When the average exhaust temperature exceeds the exhaust temperature reference/limit by 25 deg F the high exhaust temperature alarm will be annunciated.

When the average exhaust temperature value exceeds the exhaust temperature reference/limit by more than 40 deg F the turbine will be tripped on exhaust over temperature.

When did this problem begin--after a maintenance outage or a previous turbine trip?

Exactly how do you know the precise color of the flame in the combustors? Are there color cameras in all the combustors, or two of the combustors, or four of the combustors? Or are you estimating the color of the flame based on the flame sensor intensity indication? If it's the latter, where did you get the chart or information about what flame colors correspond to what intensity ranges? From GE, or the flame sensor manufacturer, or from the Internet?

Does the gas turbine have conventional combustors or DLN combustors?

If the gas turbine has DLN combustors, which version of DLN combustors does it have--I or 2.0, or 2.6?

What was the value of the average exhaust temperature, signal name TTXM, in the 20 seconds prior to the trip?

What was the value of the exhaust temperature reference/limit, signal name TTRX, in the 20 seconds prior to the trip?

What were the values of the three exhaust temperature spreads (signal names TTXSP1, TTXSP2 & TTXSP3) in the 20 seconds prior to the trip?

When (at what speed) did the starting means cease to provide torque to the turbine shaft?

What was the gas fuel supply pressure in the 20 seconds prior to the trip?

What was the P2 pressure (usually signal FPG2) in the 20 seconds prior to the trip?

What was the P2 pressure reference (usually signal name FPRG) in the 20 seconds prior to the trip?

What kind of gas fuel was being burned when the turbine tripped? Is it "typical" natural gas, or low-BTU natural gas, or some process gas (from a refinery or steel mill)?

What was the IGV angle (signal name CSGV) prior to the trip?

What was the ambient temperature at the time of the trip?

What was the turbine inlet air filter differential pressure prior to the trip?

When was the last time the axial compressor was water washed prior to the trip?

How many exhaust thermocouples are failed (reading negative temperatures)?

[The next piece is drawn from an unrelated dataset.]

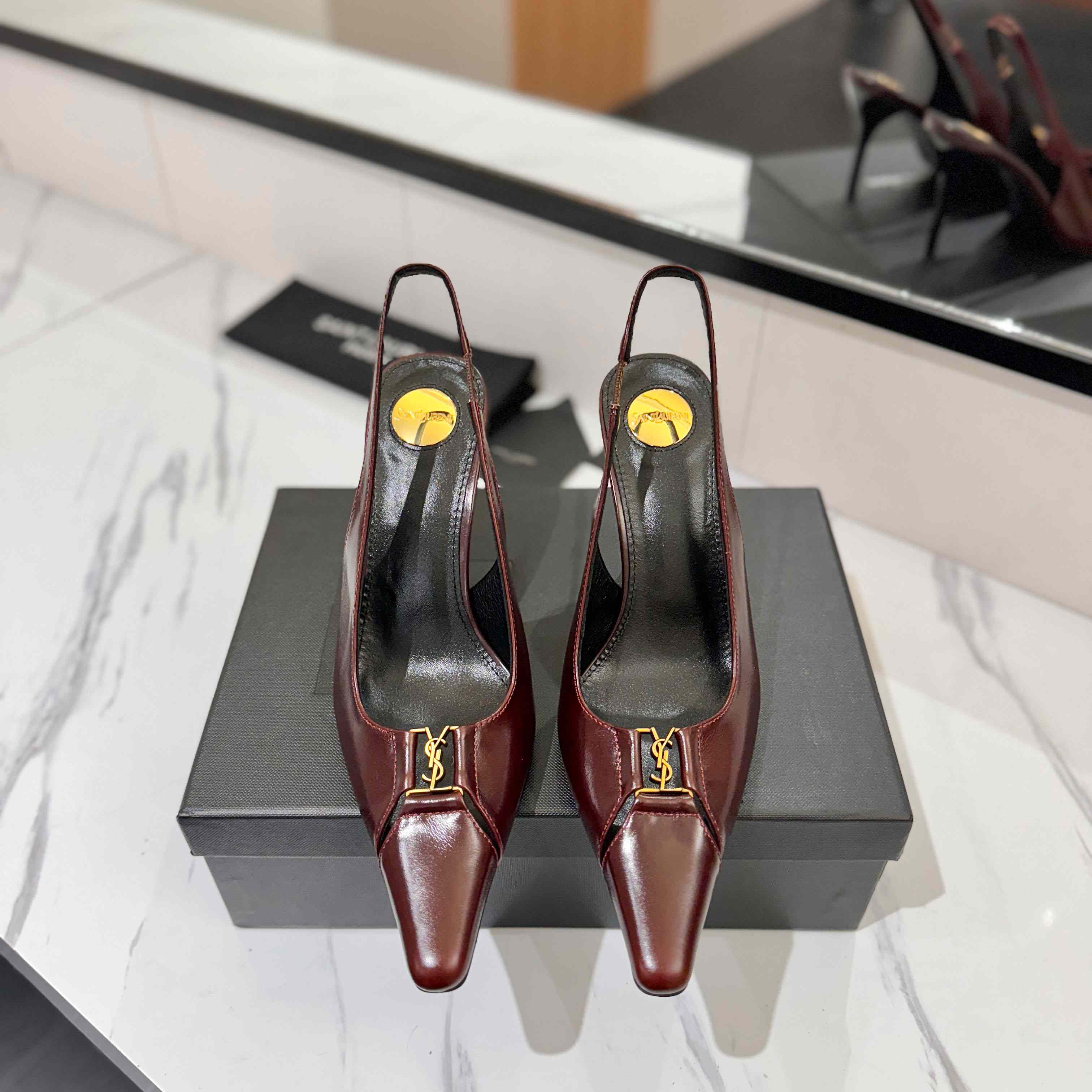 Saint Laurent Babylone Breteuil Slingback Pumps - DopestKickz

When was the most recent turbine maintenance outage, and what was the outage--a Combustion Inspection, or a Hot Gas Path Inspection or a Major Inspection?

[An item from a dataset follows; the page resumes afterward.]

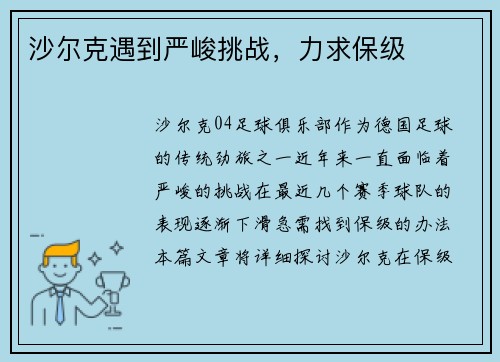 沙尔克遇到严峻挑战，力求保级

What kind of starting means does the gas turbine have--an induction electric motor or a diesel engine?

What is the normal torque converter charge pressure at 2200 RPM?

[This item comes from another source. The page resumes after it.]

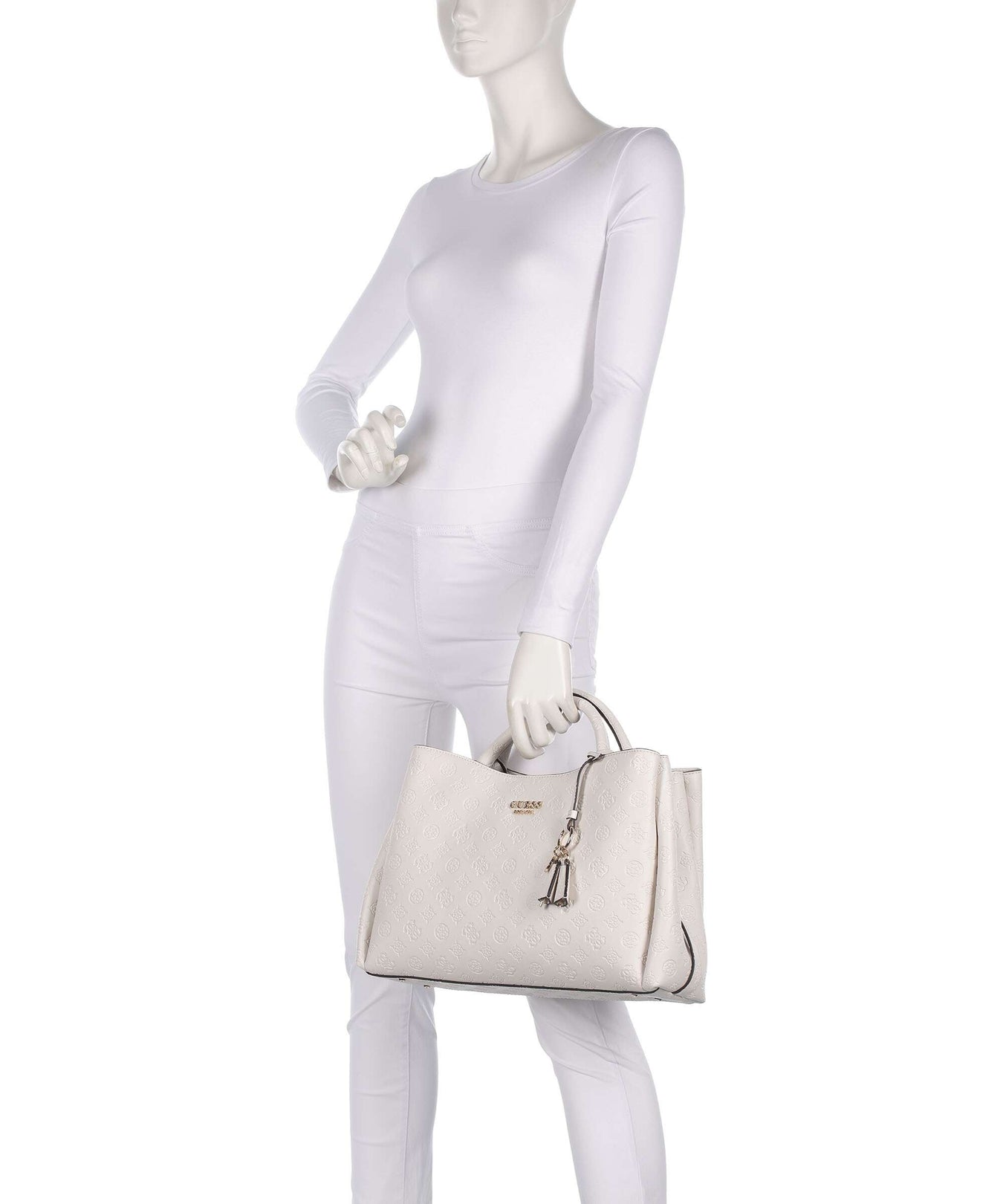 Guess Phoebe Peony Debossed Handbag offwhite logo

Because you have provided so little information in you original post the answers to these questions are VERY important, and you must provide the answers to all the questions (even if you don't believe some or most of the questions are relevant!) in order for us to provide any meaningful answers. The reason the turbine tripped could be any one of a number of reasons and the little information you provided doesn't help narrow down the possible causes.

If one had to make a guess, it's probably because the turbine inlet air filters are dirty and need replacing, AND the axial compressor and IGVs are dirty, AND the starting means (including the torque converter) needs refurbishment, AND the gas fuel supply pressure and/or flow was unstable just prior to the trip, AND/OR the gas fuel has a low BTU content, AND the exhaust temperature spreads were high (indicating EITHER one or two failed exhaust thermocouples AND/OR the absence of flame in one or more combustors).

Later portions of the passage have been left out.